This soup is amazing. It is quite unexpected how tasty it actually is, and how easy. Good warm or cold, full of flavor, packed with healing ingredients and just all around wonderful…make it already!
Spring Pea & Coconut Soup with Ginger
2 cups organic frozen peas
1 medium organic cucumber
1 can coconut full fat milk
1 cup veggie broth or coconut water
1 inch piece of ginger, rough ends removed
3 large garlic cloves
A large hand full of cilantro or mint
1 small Thai chili or a few slices of a jalapeño (optional)
Juice of 1/2 lemon or lime
A dash of honey*
1 Tablespoon liquid amino acids, soy sauce, fish sauce or a good pinch of salt
1 cup cherry or grape tomatoes, sliced in half
1/2 medium avocado, diced
1/2 cup peas, thawed
6-8 mint leaves, chiffonade
1 Tablespoon olive oil
A good squeeze of lemon
Salt to taste
Makes about 6 servings
Place all ingredients in your VitaMix and blend on low and gradually increase to high. If you would like to serve it warm then blend for 5-7 minutes until steam is escaping the hole in the lid. Taste to adjust seasoning. It should be a nice blend of fresh, sweet, spicy, tart and salty.

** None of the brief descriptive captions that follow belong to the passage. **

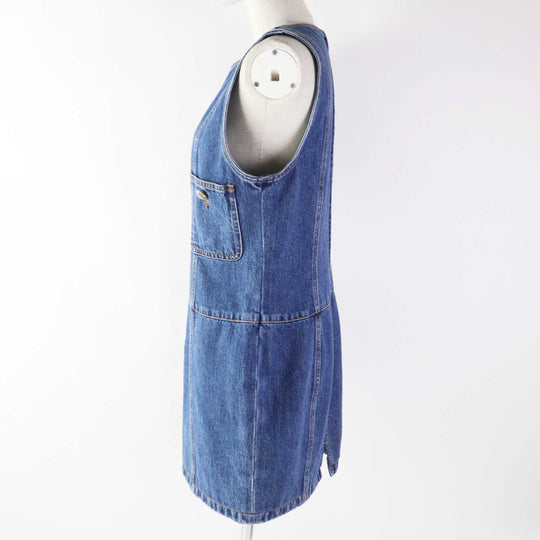 CHANEL one piece P73760 Outer material: 100% cotton Indigo blue Women 40 Used Authentic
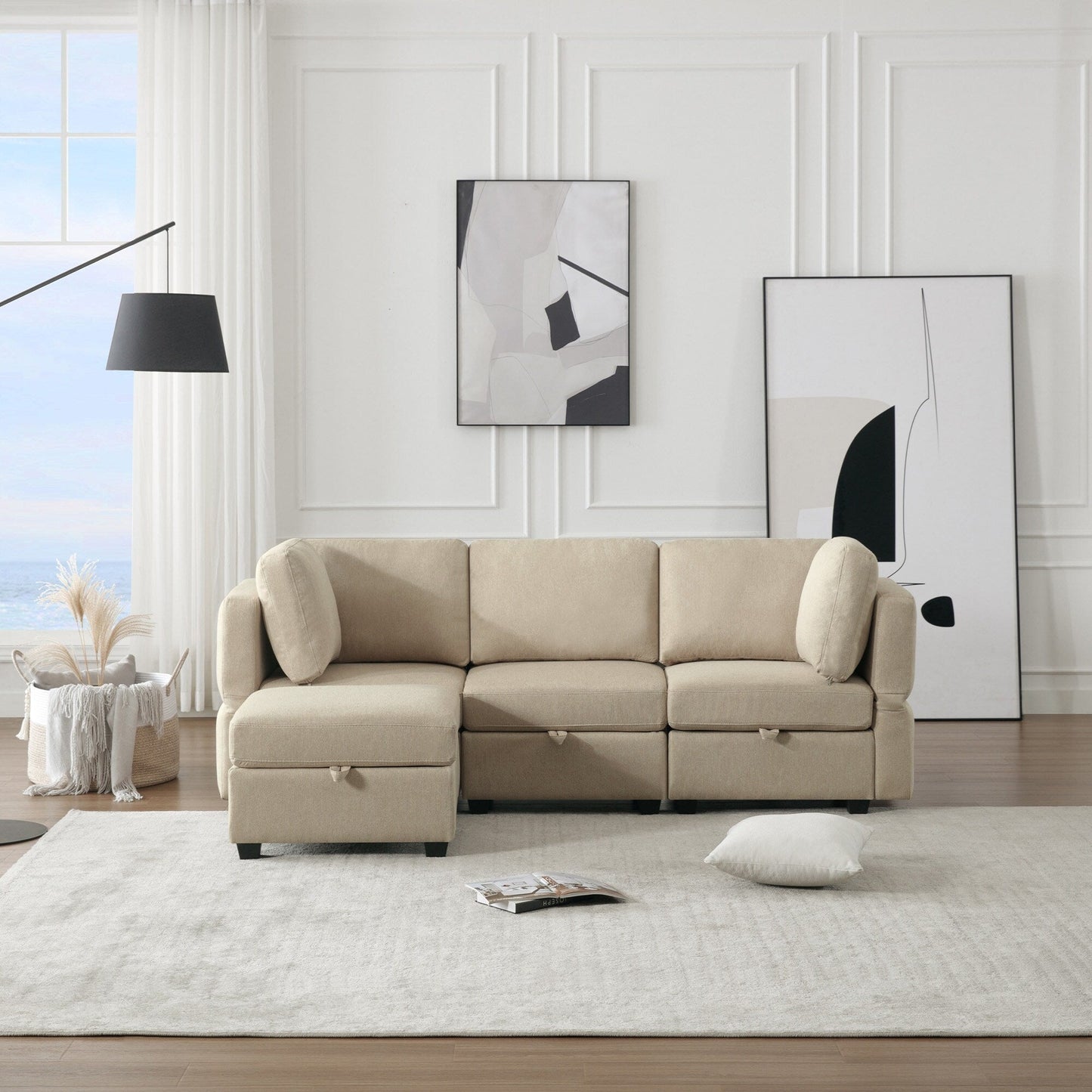 Canapé modulaire 3 places beige de 87,9 po avec pouf, dossiers et accoudoirs réglables, sièges avec rangement et coussins épais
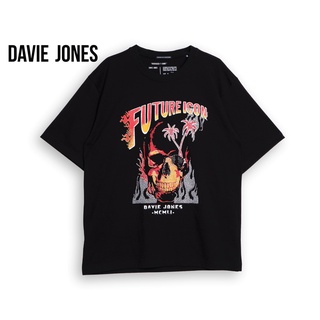 DAVIE JONES เสื้อยืดโอเวอร์ไซส์ พิมพ์ลาย สีดำ Graphic Print Oversized T-Shirt in black TB0293BK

Mix all ingredients for the salsa in a small bowl. Pour the soup into soup bowls and gently place some salsa in the middle of the bowl. Drizzle with a little olive oil if desired and serve!
Tips & Notes~
To make this lighter you can substitute the coconut milk for 1 cup of coconut water.
*If you use coconut water you may not need the honey as it is quite sweet.